PROVIDED DATA →
+---+
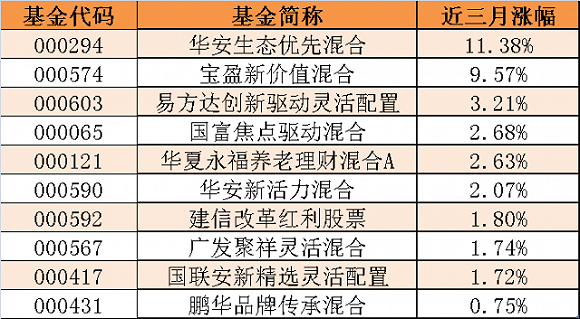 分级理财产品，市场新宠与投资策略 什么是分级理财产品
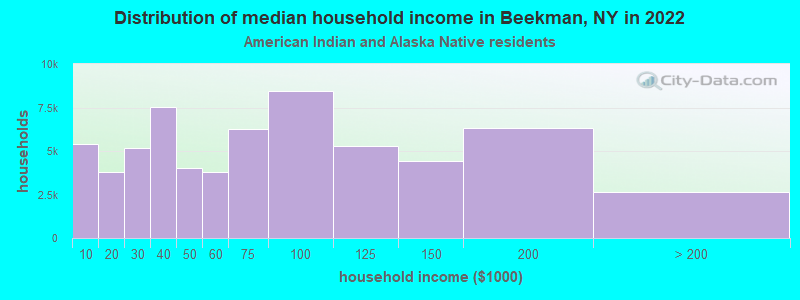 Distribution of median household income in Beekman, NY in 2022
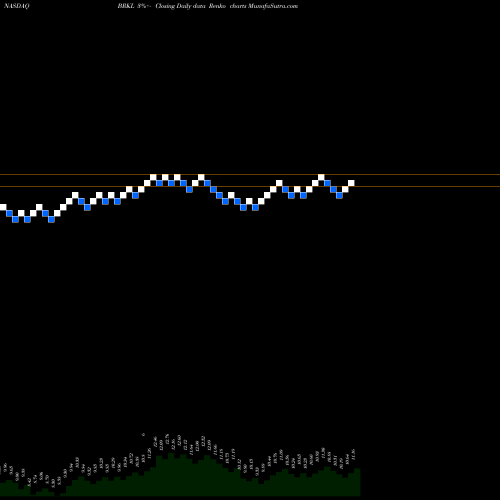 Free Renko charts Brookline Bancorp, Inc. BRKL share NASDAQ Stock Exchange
+---+
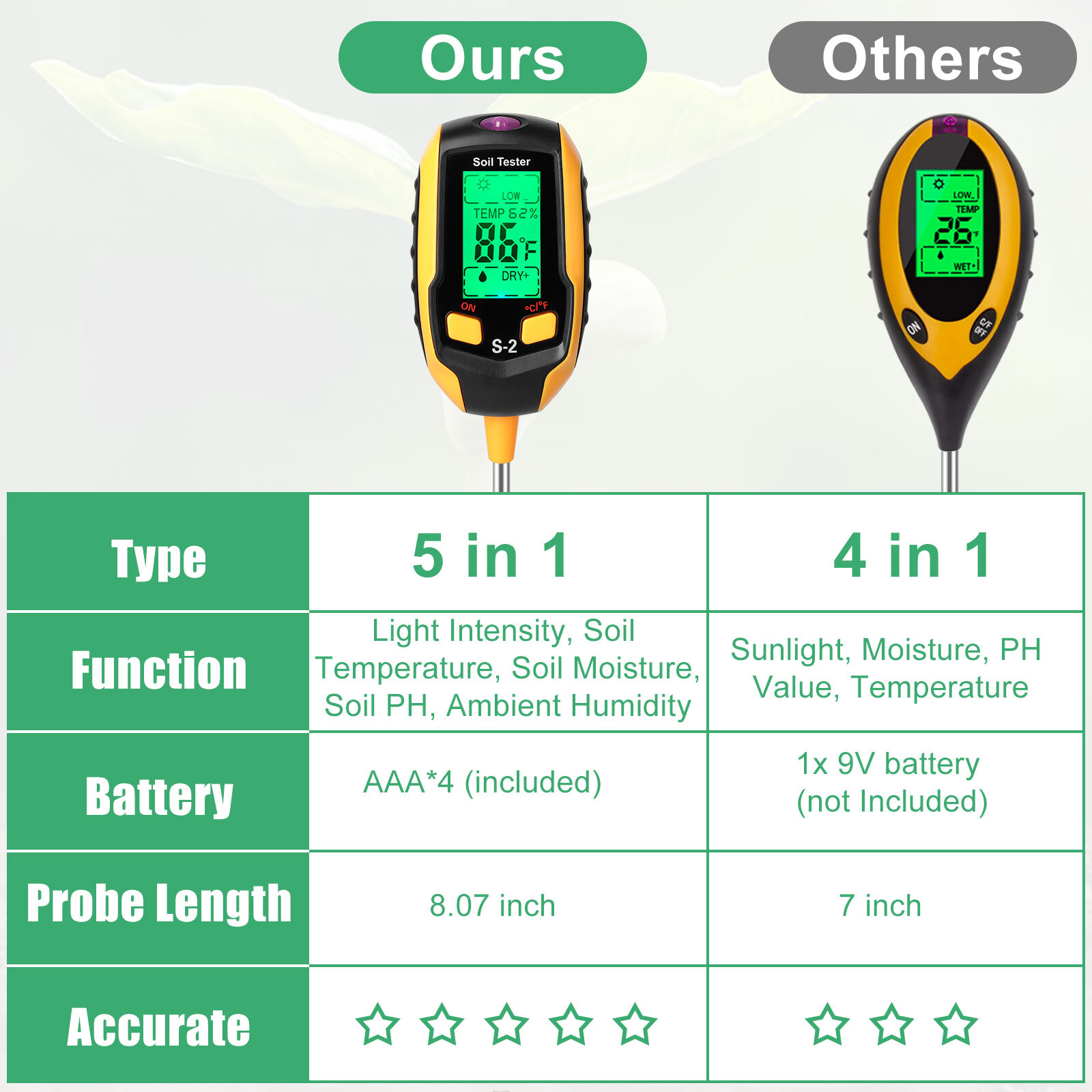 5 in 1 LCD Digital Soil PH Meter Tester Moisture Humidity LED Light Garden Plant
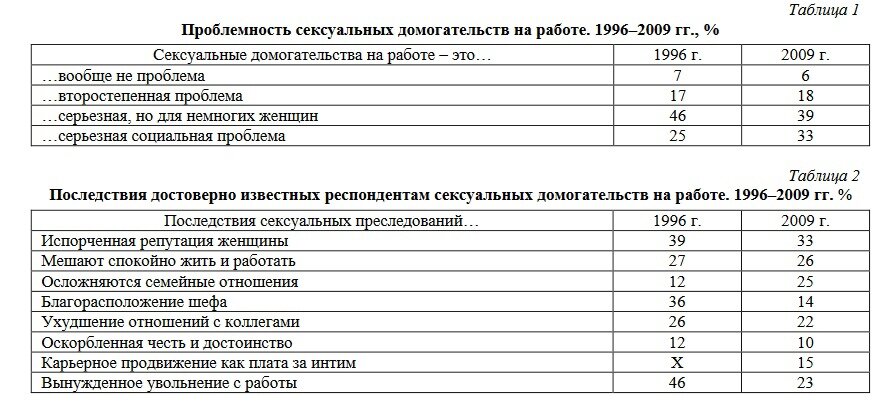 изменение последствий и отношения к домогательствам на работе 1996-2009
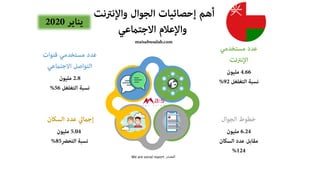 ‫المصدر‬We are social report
+---+
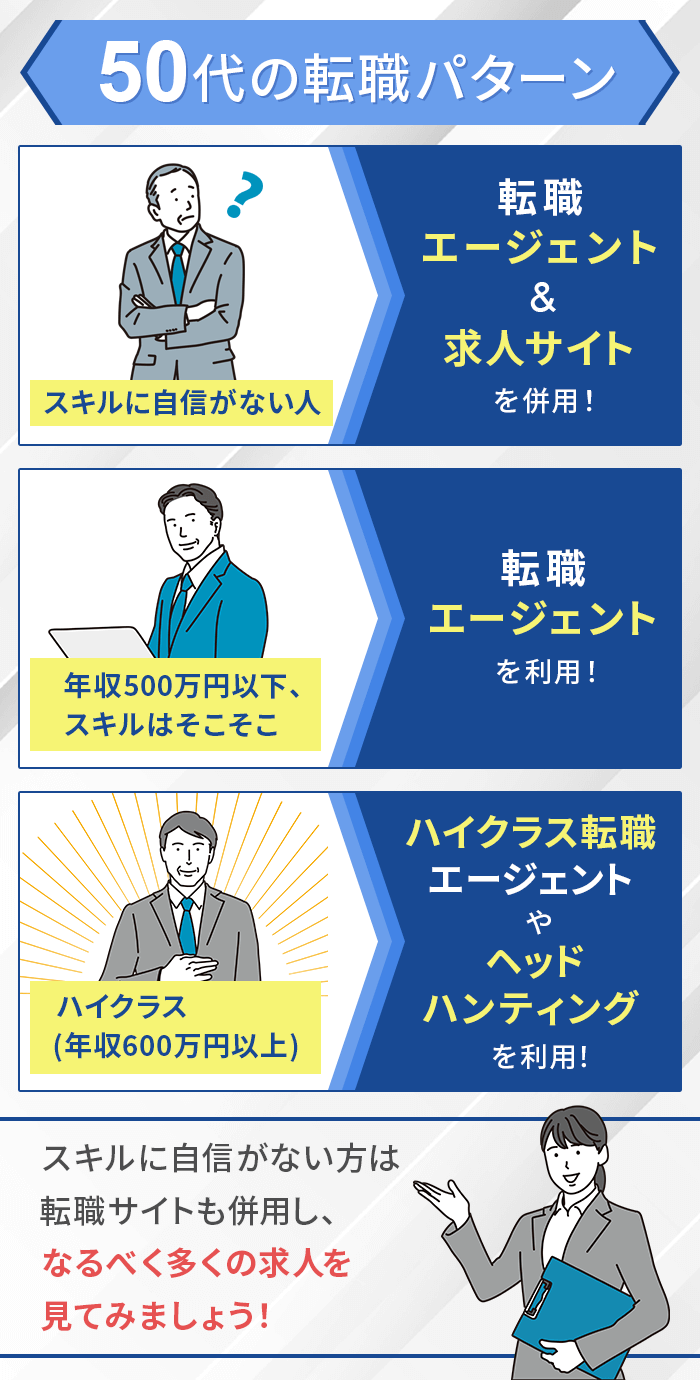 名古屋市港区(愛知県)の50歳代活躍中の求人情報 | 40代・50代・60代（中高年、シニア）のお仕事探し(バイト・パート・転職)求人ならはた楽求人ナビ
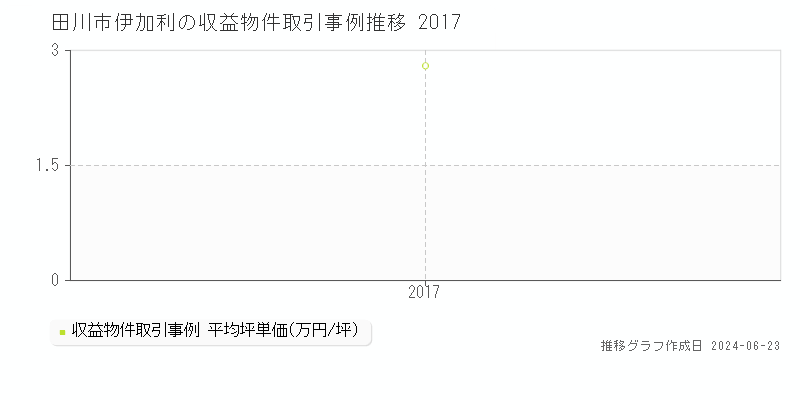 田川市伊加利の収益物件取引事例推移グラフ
+---+
WHAT THE TASK ASKS →
From the records above, copy only the lines running from the line containing "изменение последствий и" to the line containing "are social report", both ends included. Leave the pictures out.

WRITTEN ANSWER →
 изменение последствий и отношения к домогательствам на работе 1996-2009
 ‫المصدر‬We are social report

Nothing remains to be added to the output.